Proprietorship, partnership or corporation: Do you know the implications of your business structure?
You thought you set up your company in a way that protects you from being held personally responsible for business debts. So why is the Canada Revenue Agency (“CRA”) and other business creditors going after your personal assets to cover the company’s outstanding debts?
The answer lies in your business structure as well as certain partnership or creditor agreements you may have put in place. This is why it’s important to understand the different business structures and how they could affect your personal assets. It’s especially important to know where you stand if you’re facing a small business bankruptcy or a Division 1 proposal.
Understanding business structures: Back to basics
There are three main categories of businesses in Canada: a corporation or incorporated company, sole proprietorship and partnership. Here’s an overview of these three structures:
- A corporation or incorporated company is owned by shareholders, each of whom is a separate legal entity from the company. A corporation is required to file its own tax return.
- A sole proprietorship is owned and operated by an individual, who is not considered a separate legal entity from the business. This individual – the sole proprietor – is required by CRA to include the company’s profits and losses when filing personal income tax returns.
- A partnership is similar to a sole proprietorship but is owned by two or more people, who are known legally as partners. The partnership does not file a tax return. Each partner includes its share of the partnership income or loss on their personal tax return. The amount claimed depends on the percentage of ownership held by each partner.
So what are your personal liabilities within each structure?
If you’re a sole proprietor or a partner, then you bear personal responsibility for the debts incurred by your business. In a partnership, the amount of the business debt that you’re liable for depends on your ownership share of the business. For example, if you own half of the business, then you’re personally responsible for half of the debt.
In a sole proprietorship or partnership, personal debt incurred by an owner or partner could also be claimed against the assets of the business. In these cases, the business’s creditors have right of way over personal creditors, who can only take what’s left after the business has paid its debts.
For incorporated businesses, the general rule is that shareholders and directors are not personally liable for the company’s debts.
Fine print: What else you need to know about your liability for business debt
How these general rules are applied in real-world situations isn’t always simple or straightforward. If your partnership or corporation owes taxes, it may not matter in the short-term that you own only a small percentage of the company. The CRA could decide to go after you for the entire amount owing and leave it to you to collect from your partners, or other directors.
With an incorporated company, directors and shareholders who provide a personal guarantee to a creditor become personally liable for the debt they’re guaranteeing. Consider this carefully before consenting to provide a personal guarantee for a loan or for a lease.

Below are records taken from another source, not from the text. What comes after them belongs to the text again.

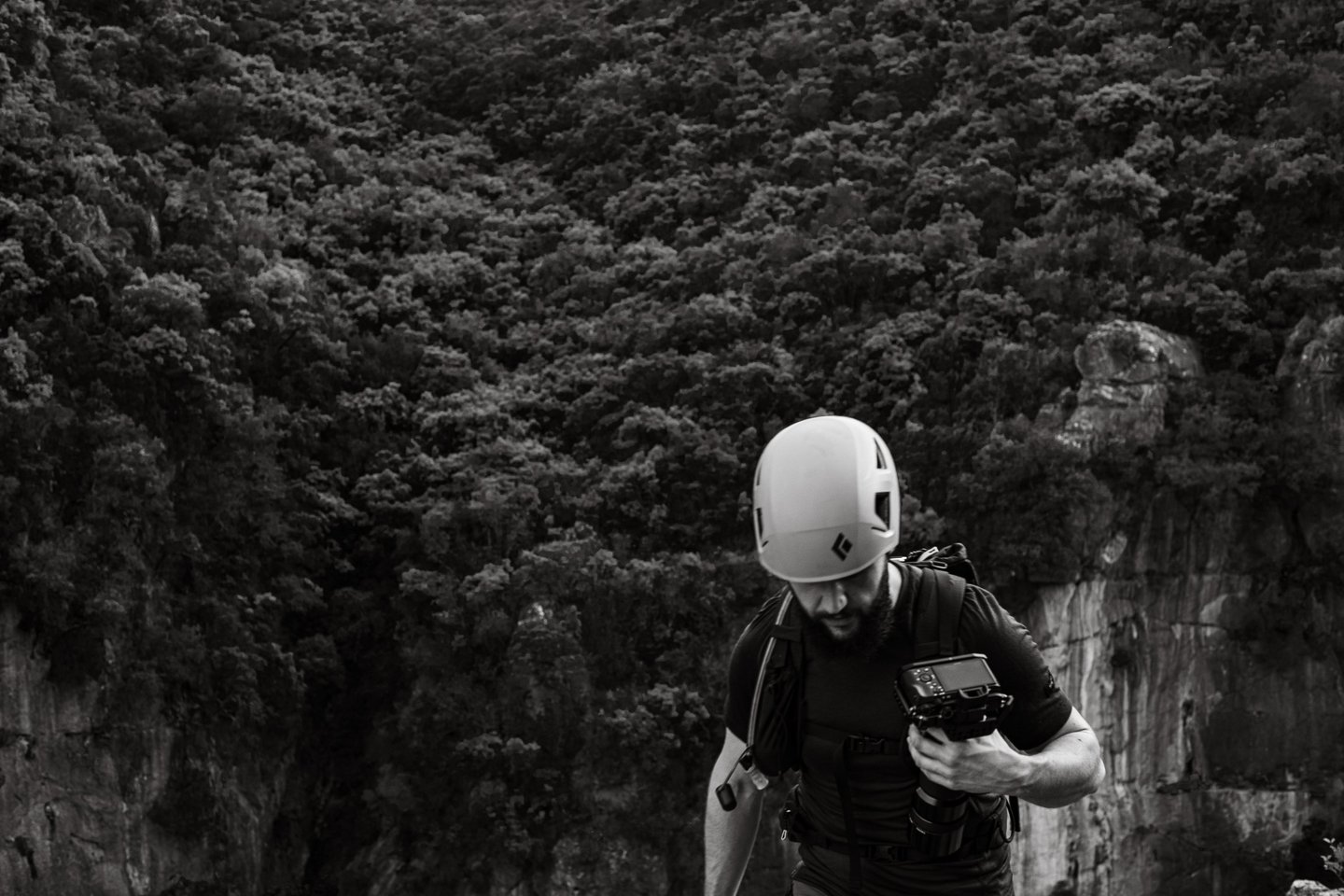 Antonio-cordero-contacto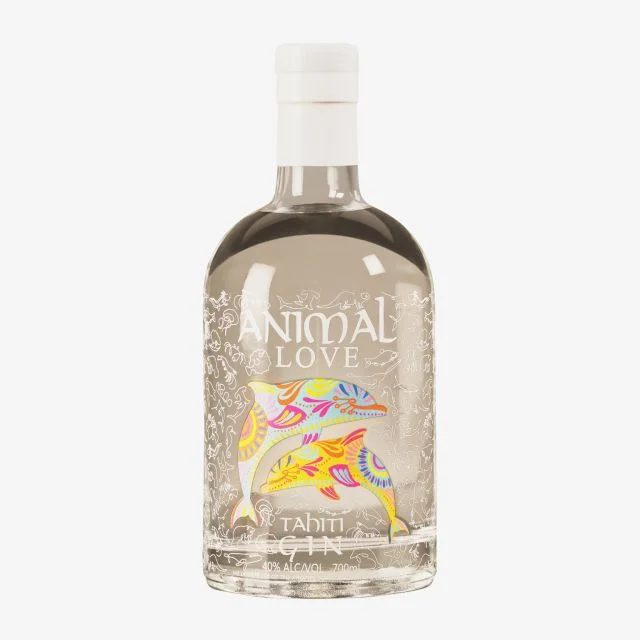 urban-drinks20260522192518490110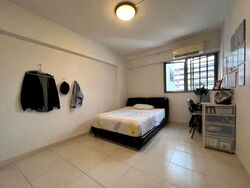 Blk 447 Jurong West Street 42 (Jurong West), HDB 4 Rooms #565779841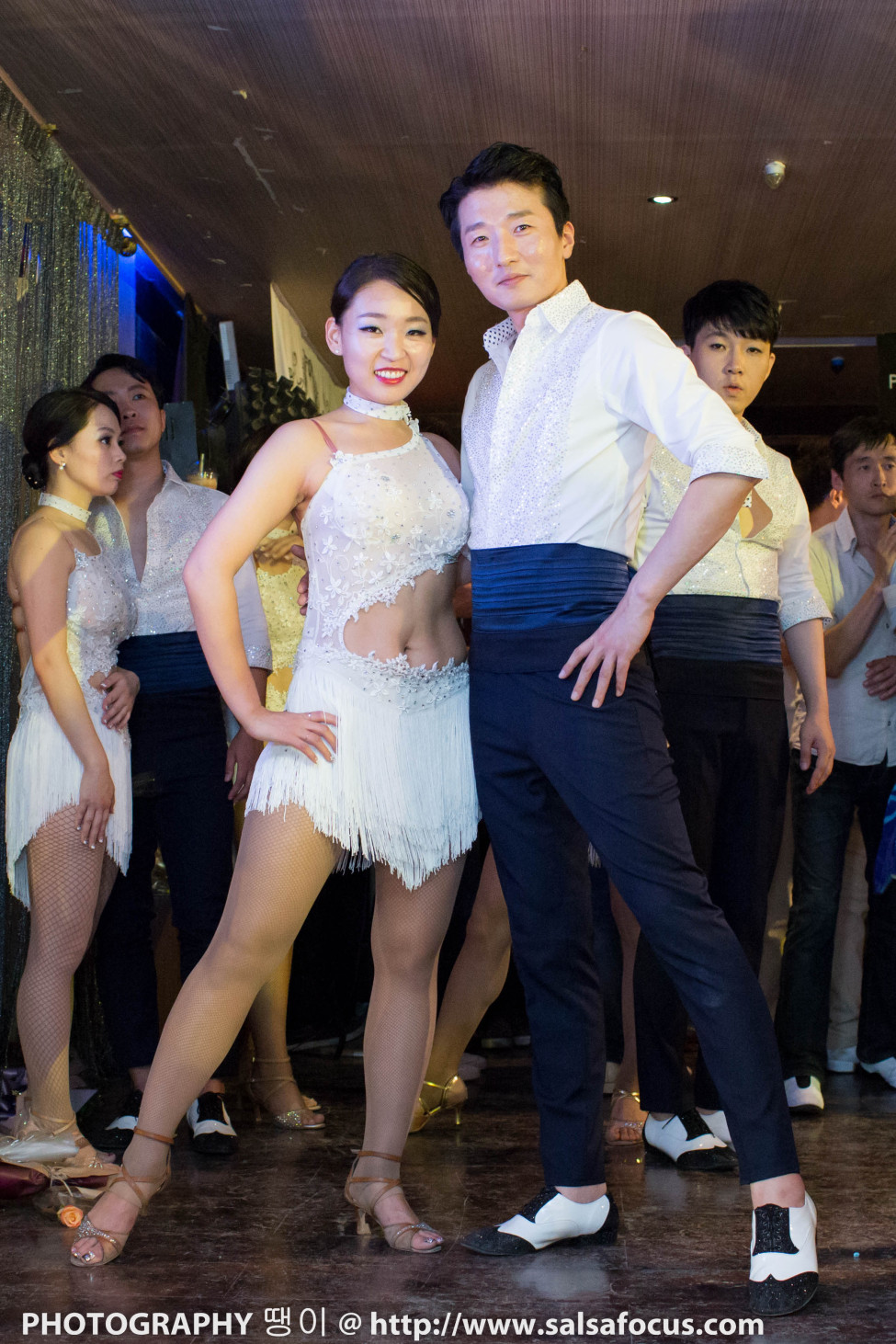 2009884311_EuResUhK_ER7A5958.jpg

Keep in mind as well that directors of an incorporated business are personally liable for unpaid wages, vacation pay, employee source deductions for such items as Canada Pension Plan, Employment Insurance, Income Tax deducted from their employees pay and not remitted and for sales taxes (HST, GST or PST).
Protecting yourself should the business run into financial difficulties
It may be impossible to plan for every contingency in business, but you can take steps to reduce your personal risks as an entrepreneur. For example, when asked to personally guarantee a bank loan or a lease for equipment or office premises, try to negotiate certain terms of the guarantee, such as reducing the number of years the guarantee covers or capping the amount of the guarantee.
You may also want to push back if a creditor asks that your spouse or partner step in as an additional guarantor. This way you can at least protect your spouse or partner’s personal assets should your business find itself in financial trouble. In case you’re worried about not being in a position to negotiate, remember that lenders are all competing for market share and some may be willing to make concessions to win your business.
Seek professional help before you make important business decisions
Whether you’re just about to start a business or are in the mature stages of an enterprise, it’s important to get help and advice from the right professional. A business strategy consultant can provide guidance on how to best structure your company and could advise you on negotiating loans and lease agreements.
If your business is struggling financially, it’s critical that you seek the expertise of professionals such as a Licensed Insolvency Trustee. A professional can help you understand your obligations and rights within your business structure, and work with you to create a plan of action. Depending on your circumstances, this plan could include corporate restructuring, refinancing, filing a Division 1 proposal or a corporate bankruptcy.
Think you need professional advice? There is no time like the present
Financial problems have a way of getting worse when you don’t address them. If your business is struggling with debt—whether you’re a sole proprietor, a partner in a partnership or a director of a corporation—the best thing you can do is seek professional help as soon as possible.
Knowing the nuances of your business structure, taking steps to protect yourself and being proactive will enable you to be in better control of the situation when financial problems happen.